Quarta-feira, 3/8/2005
Todos os amores acabam
Daniela Castilho

+ de 7700 Acessos
+ 6 Comentário(s)

Acabei de ler dois blogs de dois homens completamente diferentes. Interessante notar que ambos tem mais de 30 anos, ambos são cultos e inteligentes, ambos são divorciados e ambos apresentam a mesma característica: parecem estar padecendo de um grande desencanto com as mulheres.

Curioso.

Eu estou divorciada há um ano e oito meses. Mas no meu coração, já estava divorciada há mais dois anos. No total então são 3 anos e 8 meses. O amor já tinha acabado e a convivência era penosa. Um dia eu criei coragem e falei que queria me divorciar. Mas precisou acontecer uma coisa muito importante primeiro: eu precisei colocar a minha auto-estima e meu ego nos seus devidos lugares e me sentir como me sentia antes do final do relacionamento: linda, interessante e feliz comigo mesma.

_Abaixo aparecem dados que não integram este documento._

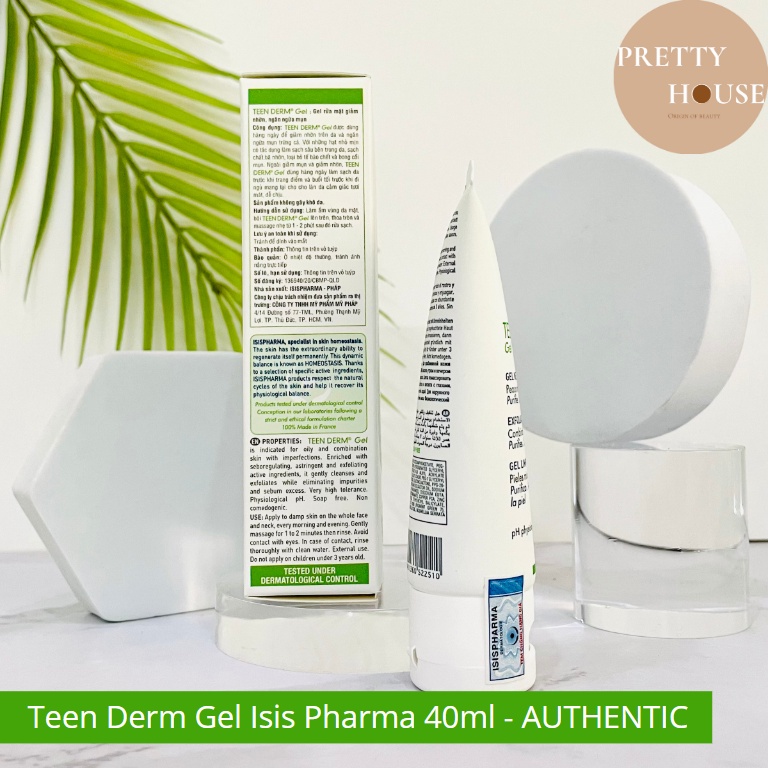 Sữa rửa mặt, giảm nhờn, ngừa mụn TEEN DERM GEL ISIS PHARMA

Casamento é uma armadilha com a qual é preciso tomar cuidado. A gente se casa porque está apaixonado, porque quer "assentar" na vida, porque quer ter filhos ou por todas essas coisas. Só que conviver 24/7 com uma pessoa é uma tarefa muito complicada, ainda mais quando envolve amor, sexo e divisão de dinheiro (não necessariamente nessa ordem).

Se romance fosse uma coisa realmente boa e bela, os grandes romances da literatura não teriam finais trágicos. Observem como terminam mal os "grandes romances": Romeu & Julieta, Tristão & Isolda, Lancelote & Guinevere, etc. Só em contos de fadas os romances acabam bem, porque terminam logo depois da cerimônia de casamento com um "e eles viveram felizes para sempre...", sem explicar o que aconteceu quando o príncipe pediu pra Cinderela fazer feijão do jeito que sua mãe fazia ou como é que Branca de Neve agiu depois de ter filhos.

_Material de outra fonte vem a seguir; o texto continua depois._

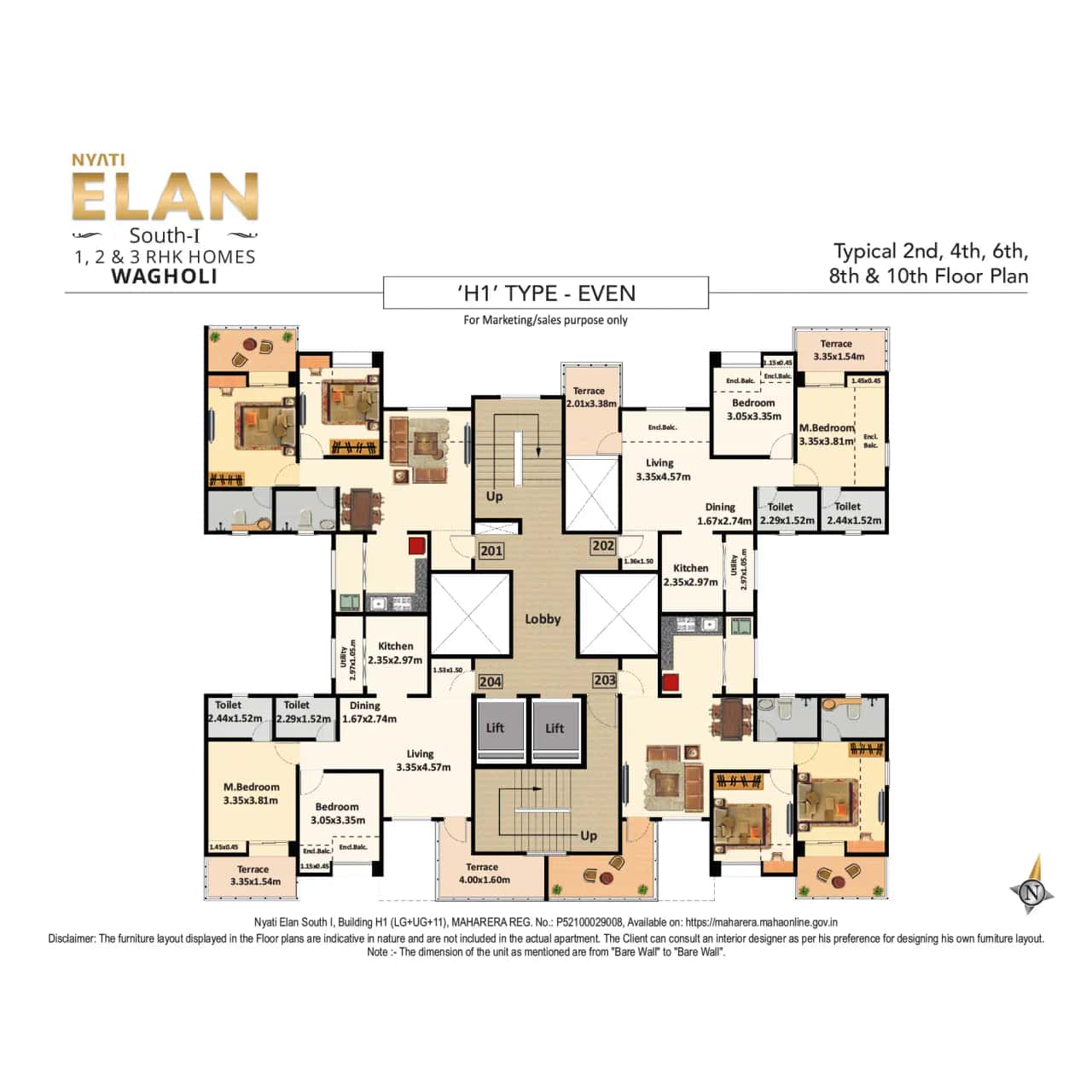 Nyati Elan Floor plan 20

Não existe amor para sempre. Muitos casamentos que duram a vida toda também terminaram depois de uns cinco ou seis anos, só que os compromissos financeiros (ou a religião ou ainda a moral) obrigaram aquele casal a continuar casado.

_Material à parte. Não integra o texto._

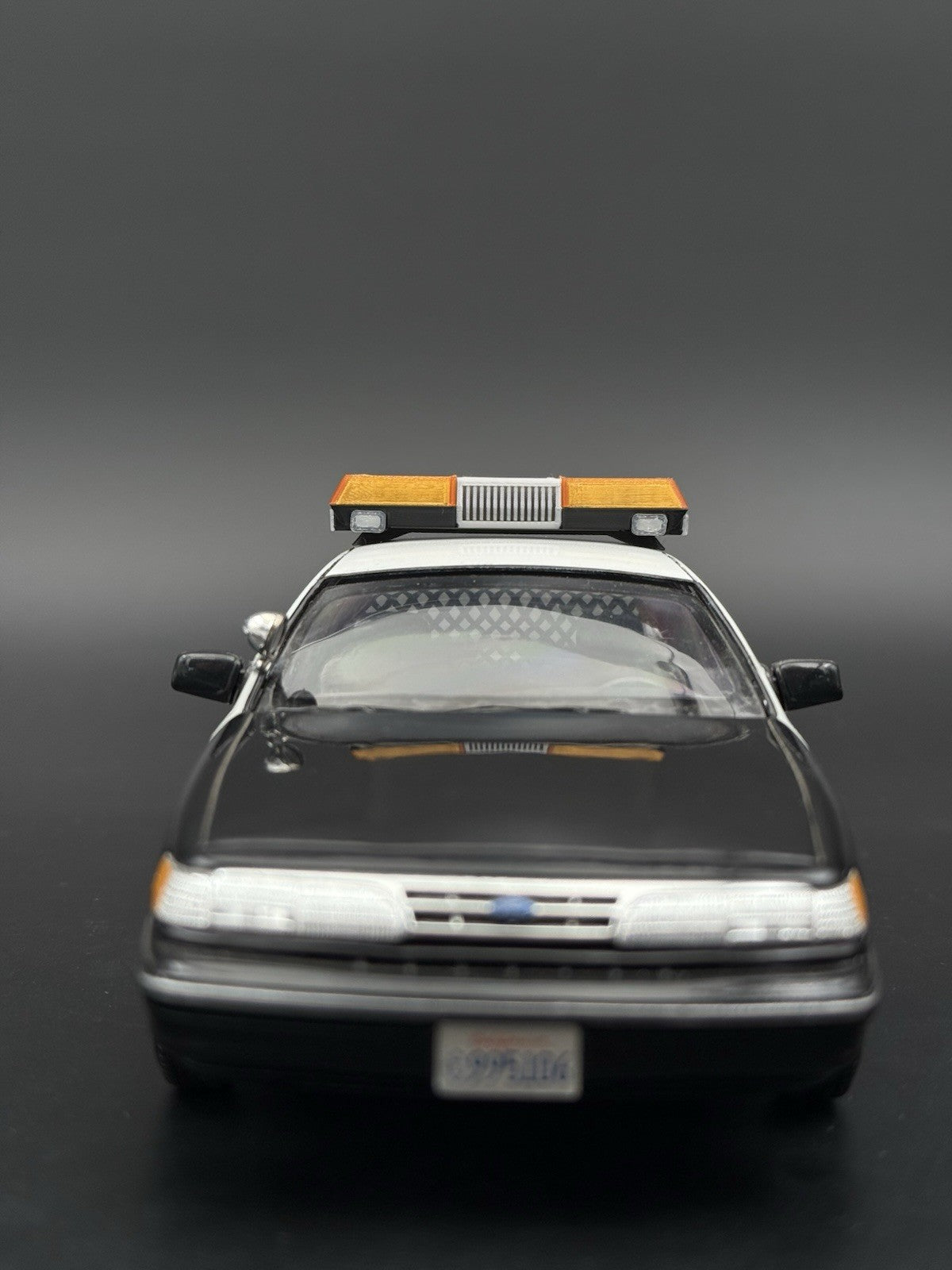 1/24 25 Scale Model Amber Chrome Streethawk Lightbar Police 2464AChrome4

Então eu reavalio a minha própria vida. Eu tenho muita, mas muita sorte.

Na fase da adolescência, quando temos a menor auto-estima do mundo eu usava óculos, aparelho nos dentes e era gorda. Sorte a minha, muita sorte. Como era considerada "feia" pelos garotos, escapei de engravidar prematuramente (como muitas das minhas amigas), escapei de namorar um cara só até me casar depois da faculdade (como muitas outras amigas minhas) e pude ir construindo minha própria carreira profissional e curtir a minha família (sou muito amiga da minha mãe e dos meus irmãos).

Sorte, muita sorte.

Claro, ser gorda-de-óculos-e-aparelhos foi um estado temporário (apesar de eu usar óculos até hoje) e aos dezenove anos eu namorei sério pela primeira vez. Já tinha tido experiências sexuais (afinal, quem disse que não existem garotos que gostem de gordinhas-de-óculos?) e namorei por seis anos um rapaz que eu adorava. Ele era três anos mais velho que eu.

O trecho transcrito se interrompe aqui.